▶ [Aim of the task]: Begin your copy at the line holding "Testi religiosi per" and end it at the last line of the listing. Keep every line exact and leave out the pictures.

***

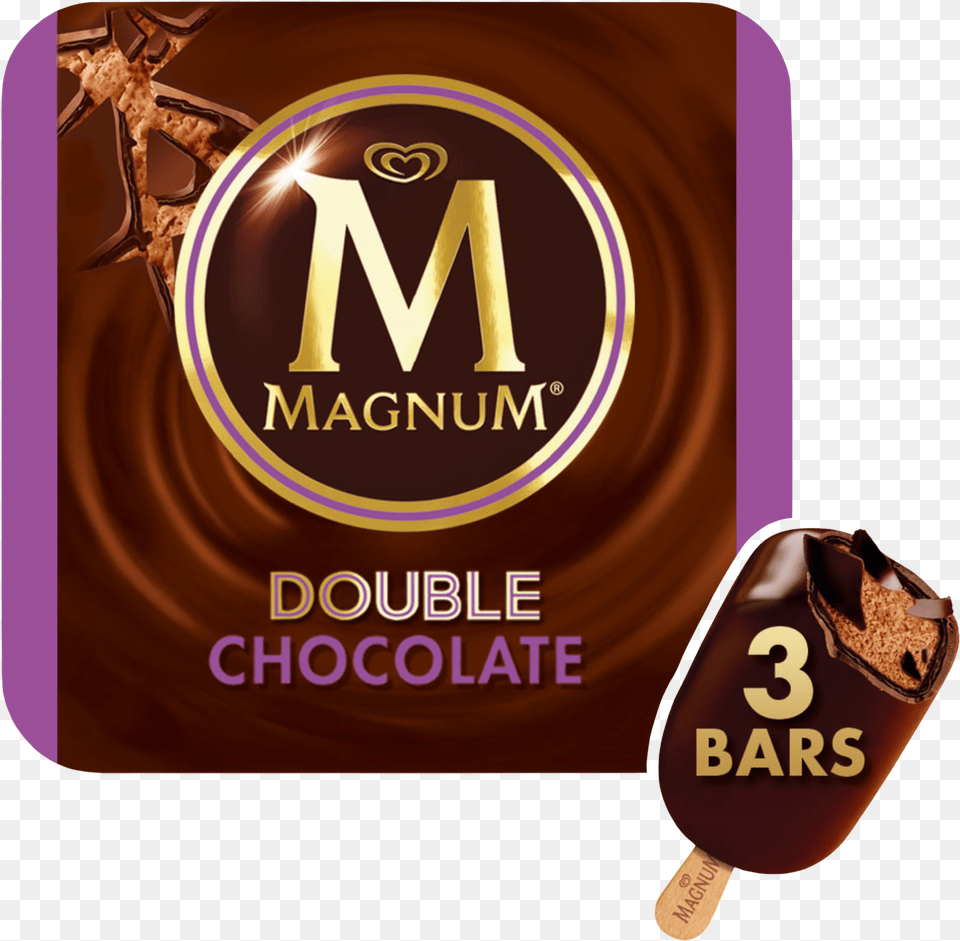 Double Chocolate En Magnum Double Peanut Butter, Dessert, Food, Cream, Ice Cream Free Transparent Png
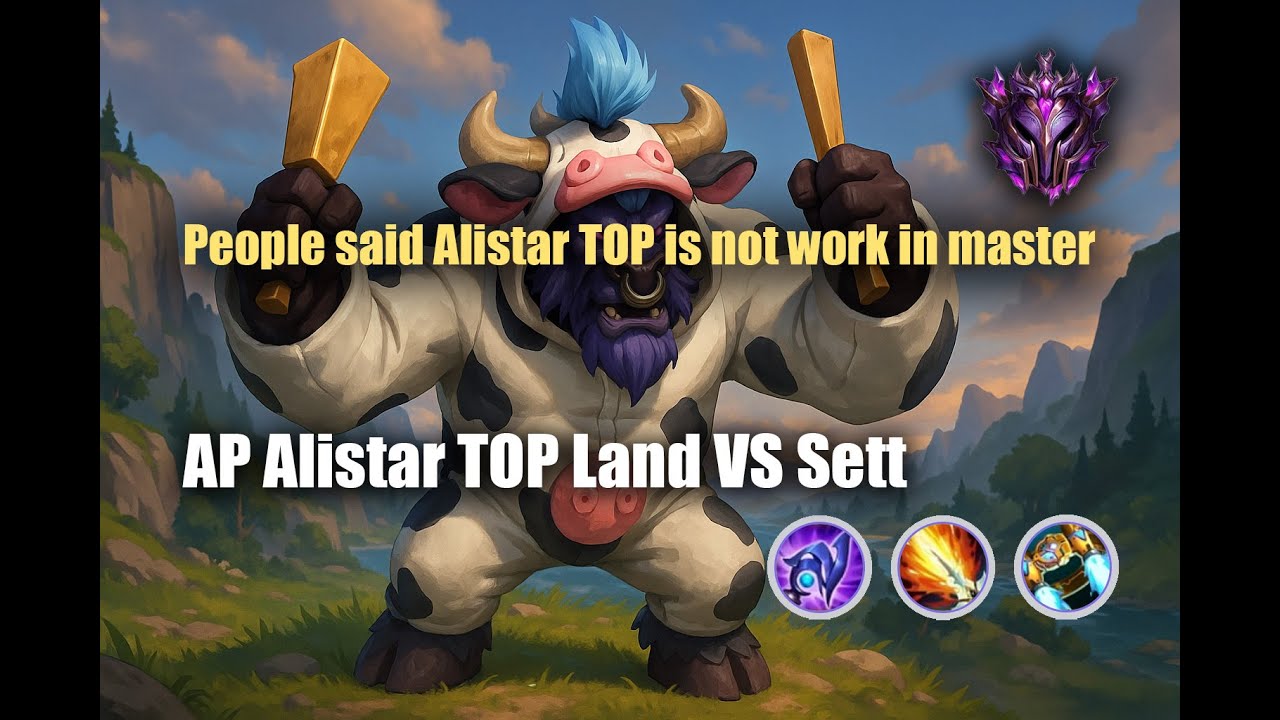 (Master) AP Alistar Top Solo Land Wildrift VS Sett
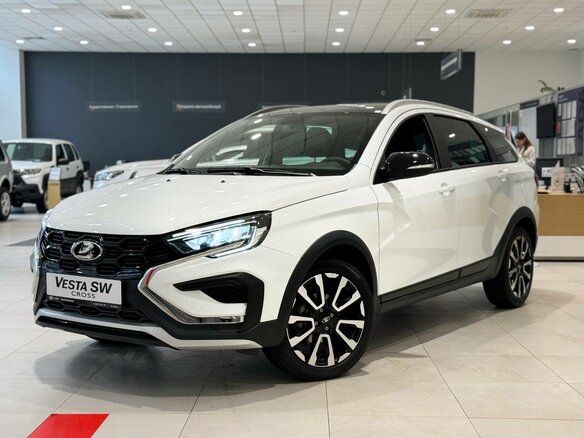 2025 Lada (ВАЗ) Vesta SW Cross I Рестайлинг (NG), белый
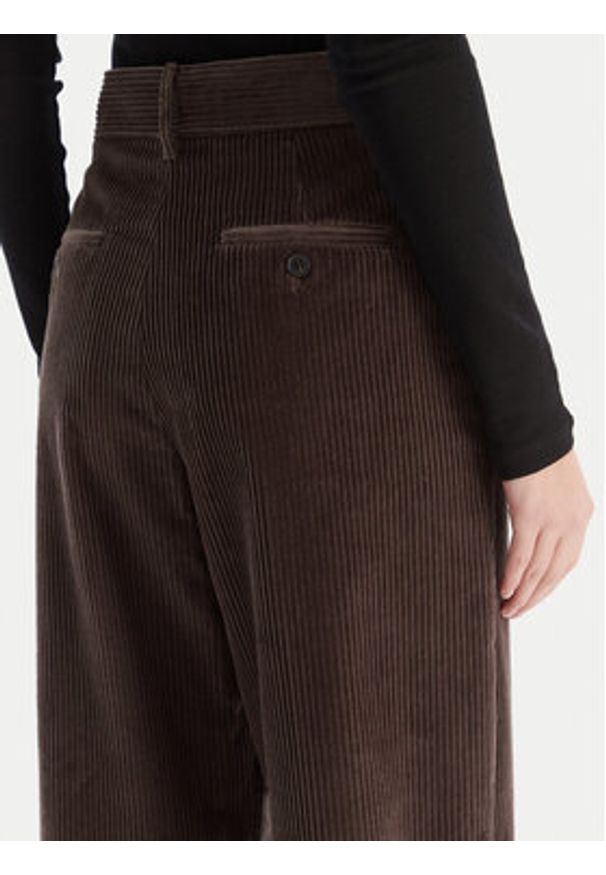 Weekend Max Mara Spodnie materiałowe Tania 2525136092 Brązowy Wide Leg. Kolor: brązowy. Materiał: bawełna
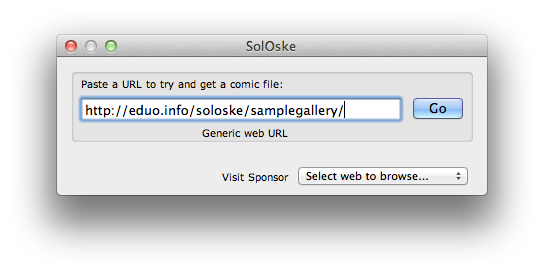 Paste your URL in the field…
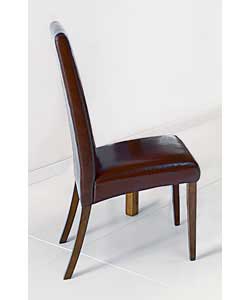 Pair Sarah Light Walnut Dining Chairs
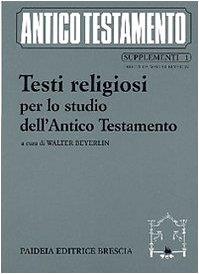 Testi religiosi per lo studio dell'Antico Testamento - copertina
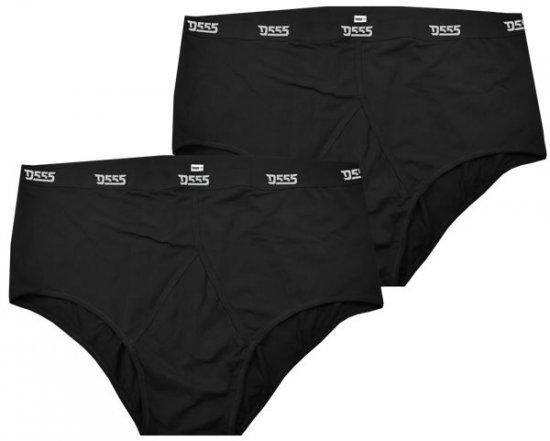 D555 Thompson Briefs Underwear 2-pack Black - Undertøj og badetøj - Badetøj og Undertøj i store størrelser 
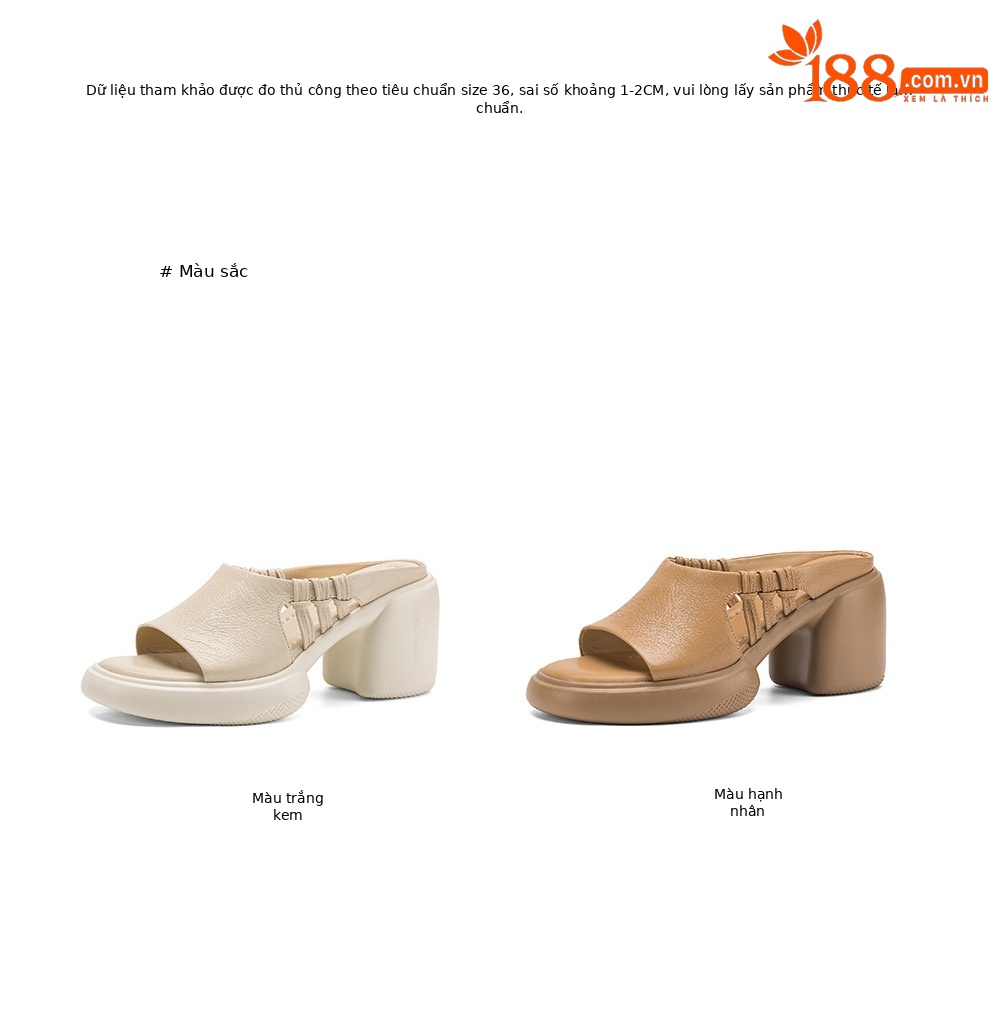 Sandal cao gót nữ da cừu siêu mềm, gót vuông, mũi hở, đế dày, quai ngang đan lưới — màu trắng ngà, màu mơ chi tiết 4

***

▶ [Output]:
 Testi religiosi per lo studio dell'Antico Testamento - copertina
 D555 Thompson Briefs Underwear 2-pack Black - Undertøj og badetøj - Badetøj og Undertøj i store størrelser 
 Sandal cao gót nữ da cừu siêu mềm, gót vuông, mũi hở, đế dày, quai ngang đan lưới — màu trắng ngà, màu mơ chi tiết 4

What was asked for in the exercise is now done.